3 files changed, 206 insertions, 17 deletions
diff --git a/Documentation/virt/kvm/api.rst b/Documentation/virt/kvm/api.rst
index 43ed57e048a8..6aa40ee05a4a 100644
--- a/Documentation/virt/kvm/api.rst
+++ b/Documentation/virt/kvm/api.rst
@@ -2006,7 +2006,14 @@ frequency is KHz.
 
 If the KVM_CAP_VM_TSC_CONTROL capability is advertised, this can also
 be used as a vm ioctl to set the initial tsc frequency of subsequently
-created vCPUs.
+created vCPUs.  Note, the vm ioctl is only allowed prior to creating vCPUs.
+
+For TSC protected Confidential Computing (CoCo) VMs where TSC frequency
+is configured once at VM scope and remains unchanged during VM's
+lifetime, the vm ioctl should be used to configure the TSC frequency
+and the vcpu ioctl is not supported.
+
+Example of such CoCo VMs: TDX guests.
 
 4.56 KVM_GET_TSC_KHZ
 --------------------
@@ -7230,8 +7237,8 @@ inputs and outputs of the TDVMCALL.  Currently the following values of
    placed in fields from ``r11`` to ``r14`` of the ``get_tdvmcall_info``
    field of the union.
 
-* ``TDVMCALL_SETUP_EVENT_NOTIFY_INTERRUPT``: the guest has requested to
-set up a notification interrupt for vector ``vector``.

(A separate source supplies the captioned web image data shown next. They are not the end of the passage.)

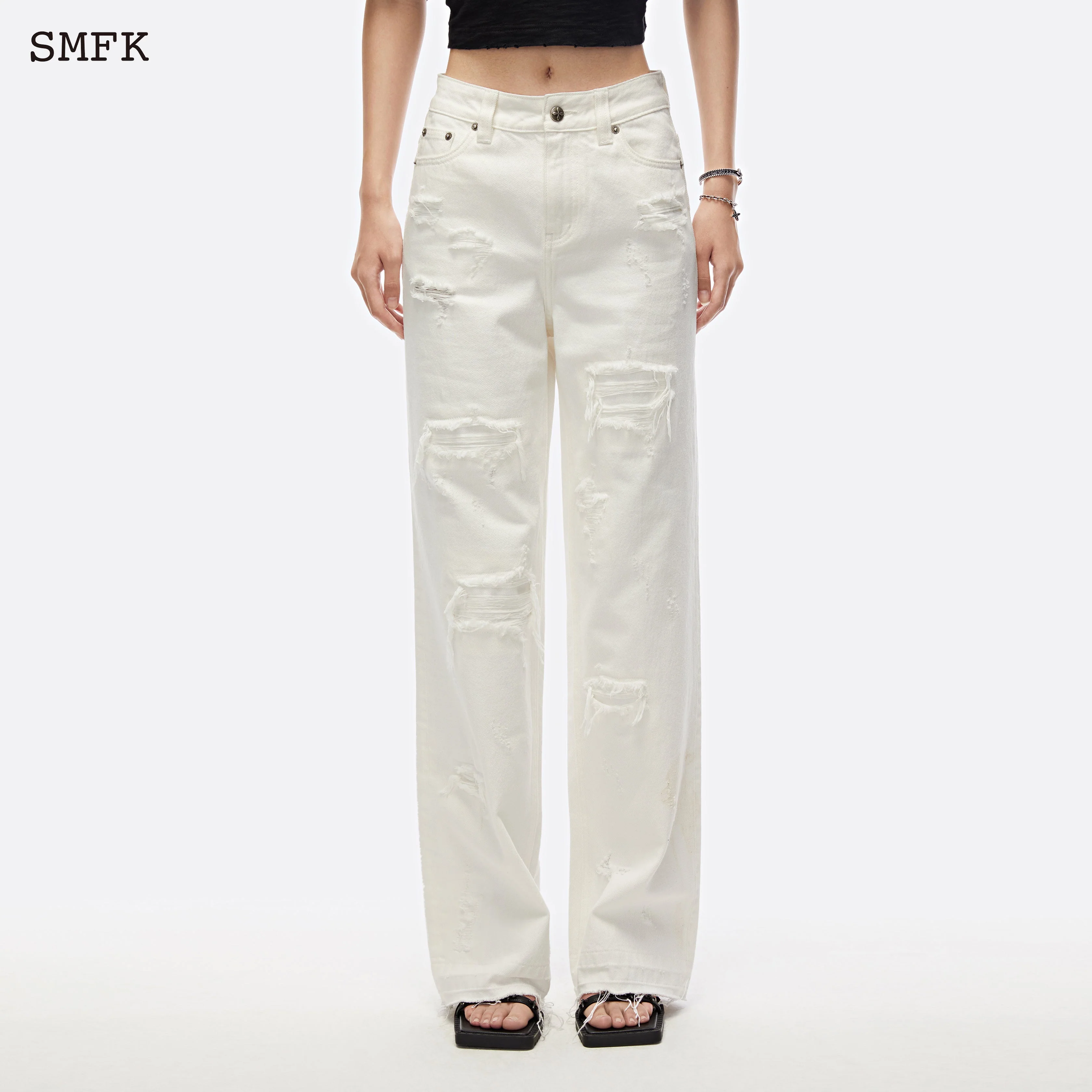 Dance Group Wandering Wide Leg Jeans - Image 3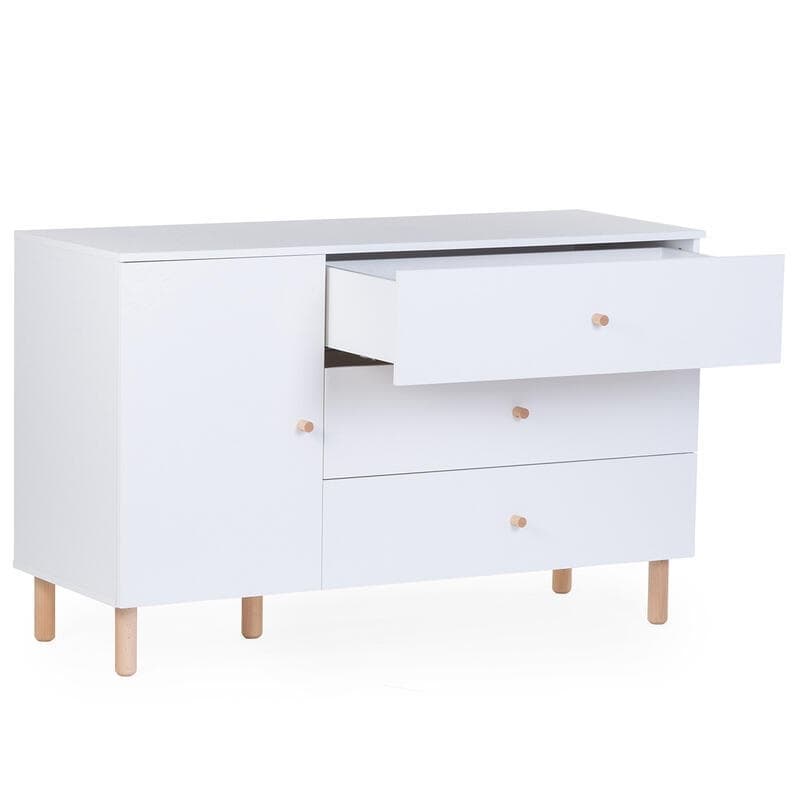Wonder White - Commode 3 Tiroirs, white childhome — vue 3 sur 5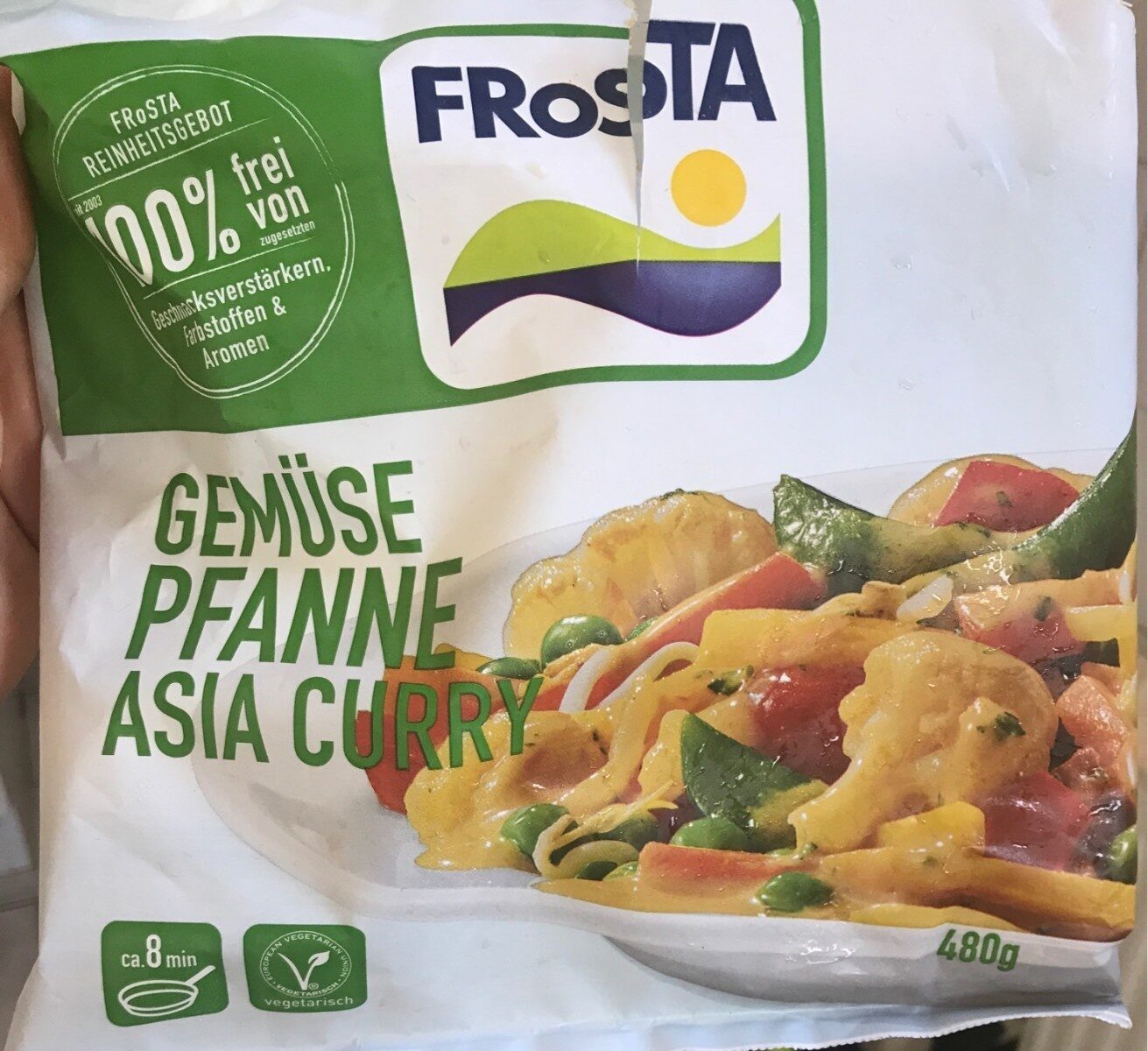 Gemüsepfanne Asia Curry - Produkt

+ * ``TDVMCALL_SETUP_EVENT_NOTIFY_INTERRUPT``: the guest has requested to
+   set up a notification interrupt for vector ``vector``.
 
 KVM may add support for more values in the future that may cause a userspace
 exit, even without calls to ``KVM_ENABLE_CAP`` or similar.  In this case,
@@ -7844,6 +7851,7 @@ Valid bits in args[0] are::
   #define KVM_X86_DISABLE_EXITS_HLT              (1 << 1)
   #define KVM_X86_DISABLE_EXITS_PAUSE            (1 << 2)
   #define KVM_X86_DISABLE_EXITS_CSTATE           (1 << 3)
+  #define KVM_X86_DISABLE_EXITS_APERFMPERF       (1 << 4)
 
 Enabling this capability on a VM provides userspace with a way to no
 longer intercept some instructions for improved latency in some
@@ -7854,6 +7862,28 @@ all such vmexits.
 
 Do not enable KVM_FEATURE_PV_UNHALT if you disable HLT exits.
 
+Virtualizing the ``IA32_APERF`` and ``IA32_MPERF`` MSRs requires more
+than just disabling APERF/MPERF exits. While both Intel and AMD
+document strict usage conditions for these MSRs--emphasizing that only
+the ratio of their deltas over a time interval (T0 to T1) is
+architecturally defined--simply passing through the MSRs can still
+produce an incorrect ratio.
+
+This erroneous ratio can occur if, between T0 and T1:
+
+1. The vCPU thread migrates between logical processors.
+2. Live migration or suspend/resume operations take place.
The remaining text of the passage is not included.